The Case of the Missing Carte Orange!

18 April 2007

today was going to be a day in which I went to the two Memorials. First the Memorial de la Shoah and second the memorial to those who perished in concentration camps. I got all ready to leave and looked for my Carte Orange, only to find it was missing. Shock, horror. I didn't tell you, but last week I had washed a carnet of ten tickets rendering them totally useless. Surely I hadn't done something equally daft!

Then I remembered I had said to Virginia, "don't forget your Carte Orange." Ah, that was it, she had picked up mine. How annoying. So instead of going to the memorials, I went to the Internet Cafe and caught up on my e-mail. Then, when Virginia was due to get out of school, I wandered over there, having sent her an e-mail telling her what she had done.

I met Virginia and she didn't have the Carte Orange! So, we went back to the flat only to find that it was hidden under her bear, Windsor. Arghhh!! How did it get there?

After a bite of lunch we decided we needed to get some reading material. As my French is virtually non-existant, we headed off to a wonderful second-hand bookstore called "Tea and Tattered Pages." The shop has been around for almost two decades and its present owner is an elderly woman born in South America but living in Los Angeles until five years ago when she bought the shop. Thousands of second-hand books; all in English. She was also full of information for English speakers in Paris. We learned there is an English library, for instance.
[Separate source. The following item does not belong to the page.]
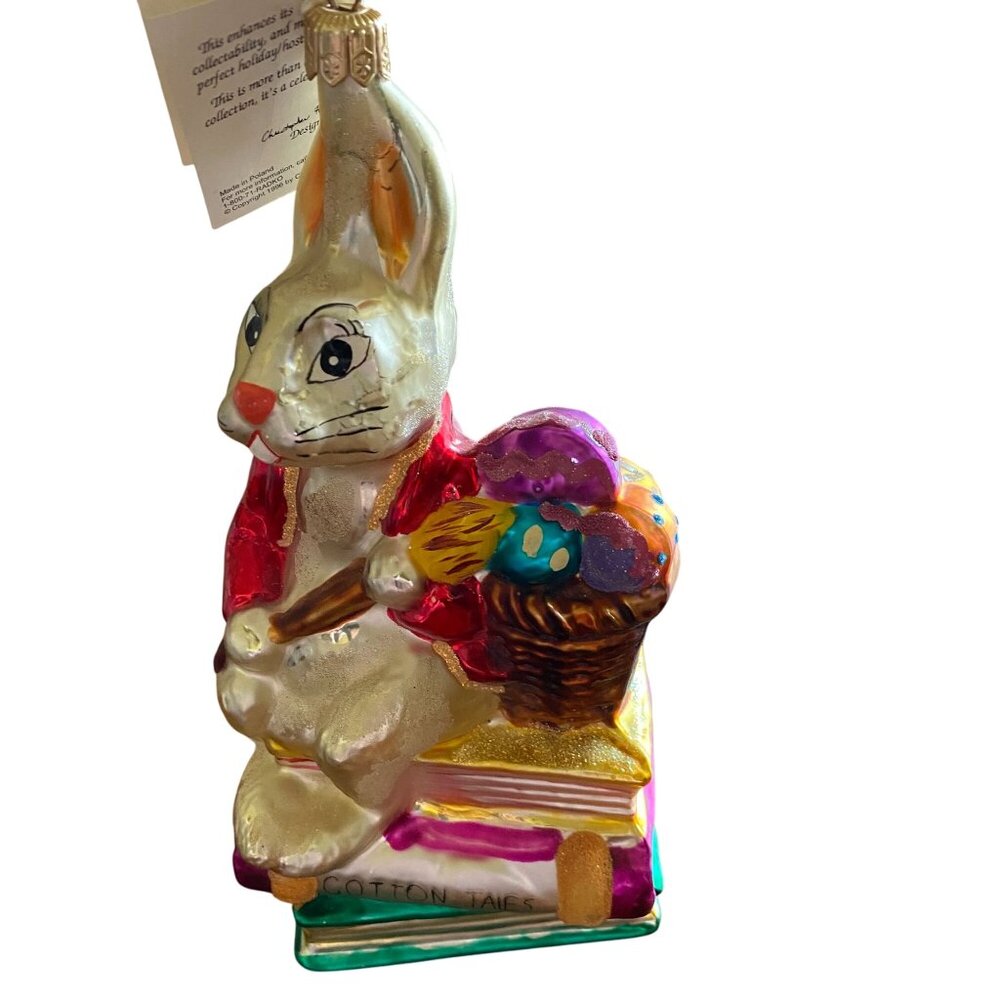 Christopher Radko Cotton‎ Tales tree ornament glass Rabbit Peter Cottontail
Leaving there we went to one of my favourite galleries. It is housed in the Le Petit Palais and has an interesting and eclectic collection. We looked at the section on nineteenth century France which contains one of my favourite statues, that of a bread girl. After tea in the very elegant cafe associated with the museum we made our way home. While Virginia took clothes to the laundromat I went out to buy a rotisseried chicken from one of the butcher's shops. That was quite a test of my very limited French. I practiced all the way there. "Je voudrais un poulet pour six Euros s'il vous plait." I either got it right, or the butcher figured it out because I headed home with a 6 Euro rotisseried chook. Very nice, with salad and baked potato an easy dinner.